Thinking back, these are statements, half jokes and jokes I would make with my ex.
Sometimes I would purposely make a ridiculous joke out of when I clearly knew “x transgression” was my fault in an attempt to make my loved one laugh, and lighten the mood.
Sometimes, I would make that statement in an attempt to say that I was half right and half wrong. Sometimes, I was half right and sometimes I was half wrong.
Sometimes, I would sincerely believe I was right, and the other party wrong.
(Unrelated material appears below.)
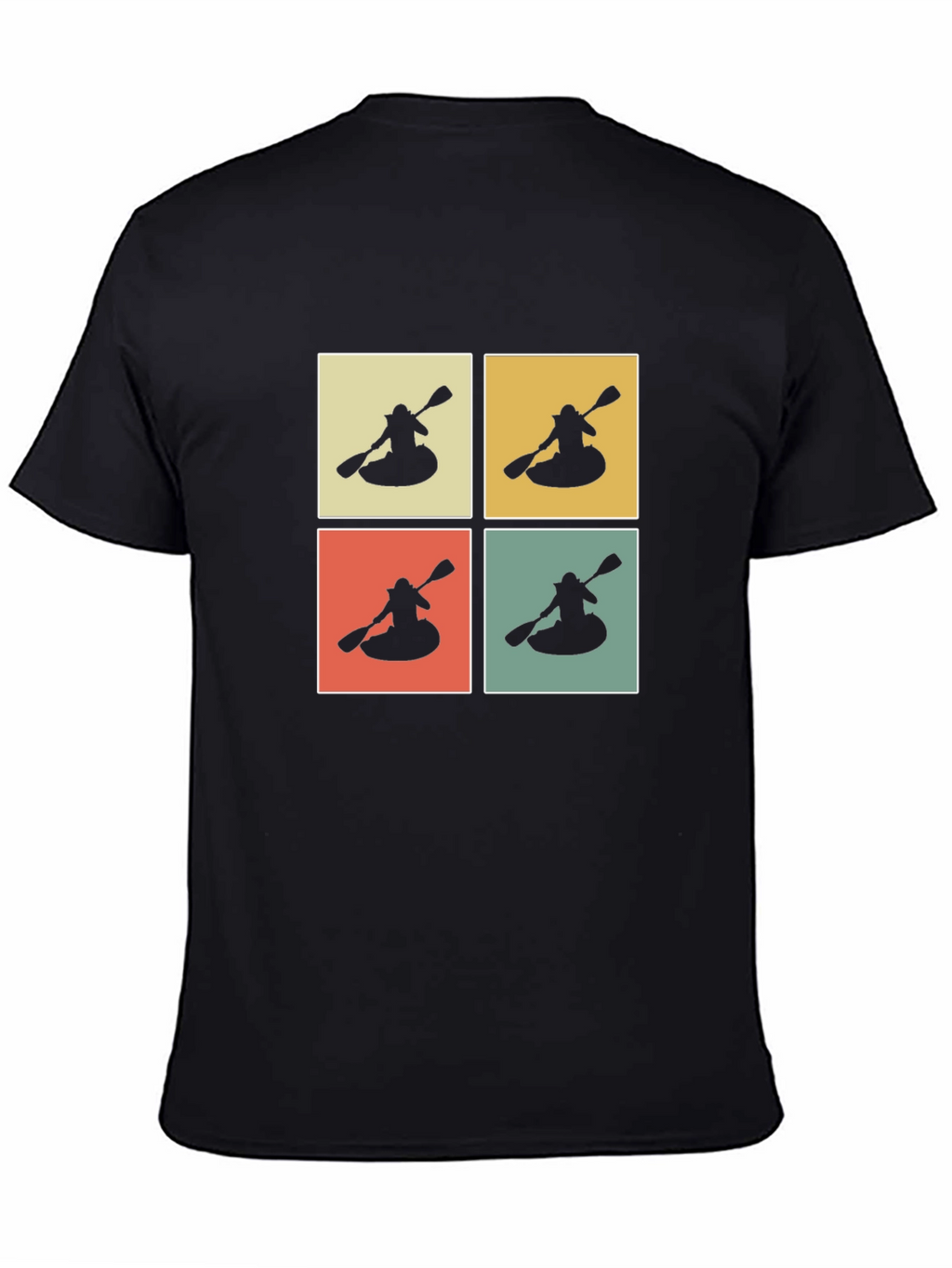Retro Kayak Pop Art T-Shirt - Black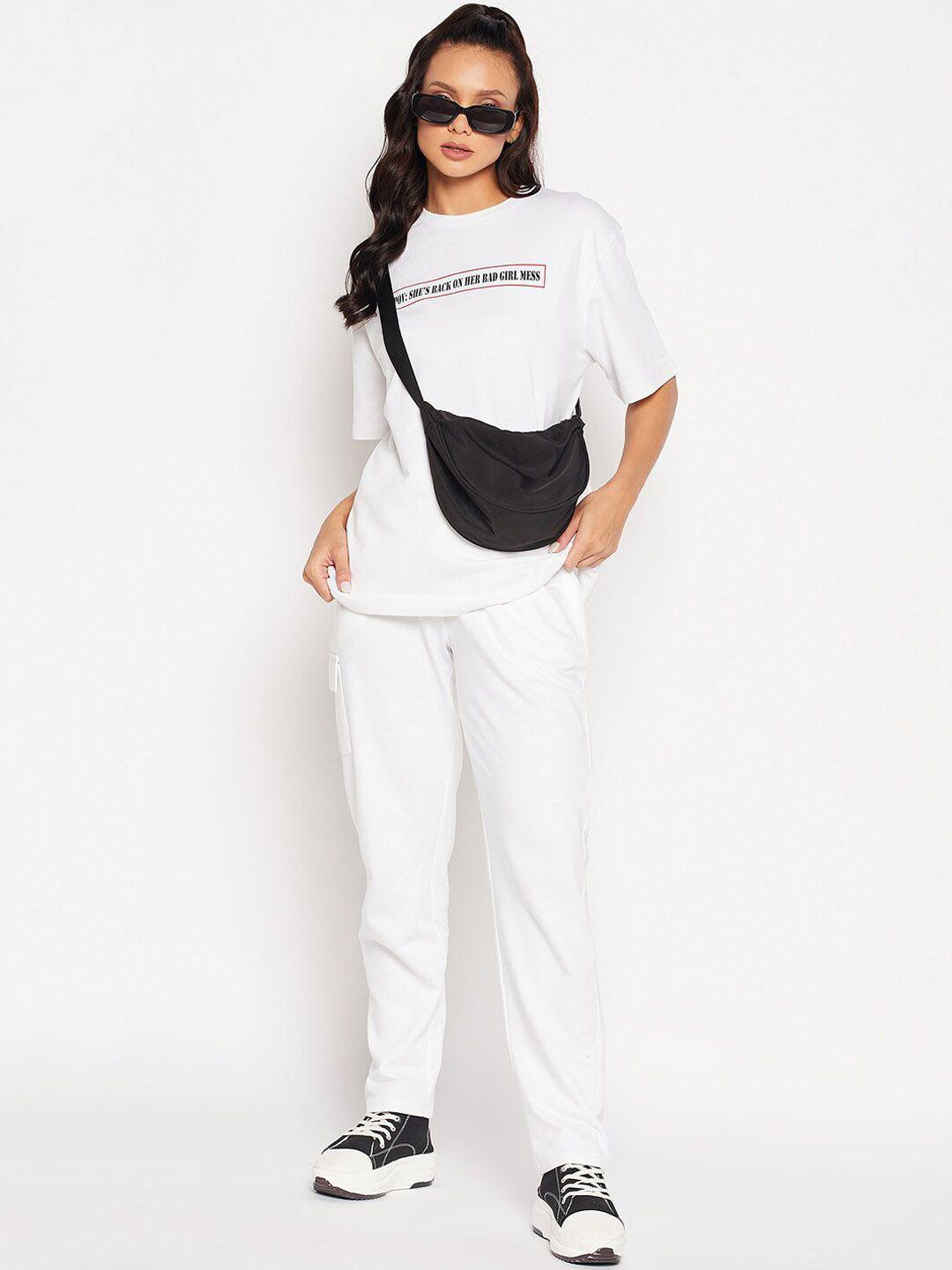 edrio printed pure cotton t-shirt with track pants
Sometimes, I was wrong, even when I thought I was right.
I believe, in hindsight and with learning, that outside of the ridiculous joke (and even sometimes then), that each statement was made out of an effort to control.
As I learn about covert/ overt narcissism, cluster B type personality disorders, borderline personality disorder (et al), I recognise not only traits in my ex significant other (both in the past and present), but also in myself both past and present. That never feels good.
But its true. What I’ve learned in seeking understanding of co-dependancy, is that I am amongst other things, a fixer. I have found so many distasteful traits in people I have actively sought relationships with, believing that I can help them out of it. My Lord.
This is not to say I am perfect by any bizarre stretch of the imagination, but rather that I do indeed have strengths that can be helpful, as well as weaknesses which aren’t.
Learning these things now have a magnified effect. With the requisite work, the healthier ways of thinking help me become a healthier individual, but they also have a wonderful effect on my children. The thought of my children and doing everything I can for them keeps me going when times are tough and days dark – no doubt about it.
Long ago, I recognised that role modelling is far more important than words to children, and that actions speak louder than words (in relationships and individually).
So today I learned something amazing. I’ll share it with you:
a) Ask yourself when you meet someone new, or consider building a stronger relationship with someone the following question, “Will I still like this person in two years time if they dont change and are exactly as they are today?”
If the answer is no, move on. Your spidey senses might be telling you something very, very important. Listen to your gut, and listen to your body sending you signals. As a fixer, this is a big one for me.
b) Respect that persons choice to be who they are right now.
c) Its disrespectful to someone to try and change them
d) Focus on changing you instead
e) Thank that person for showing you who they are, so that you can get away from then now, while there isn’t much investment.
There’s this old adage about men and women – “Men marry a woman, hoping she won’t change”. “Women marry a man, hoping he will”.
Men are natural born fixers for the most part, and so perhaps there’s more to this old adage than meets the eye.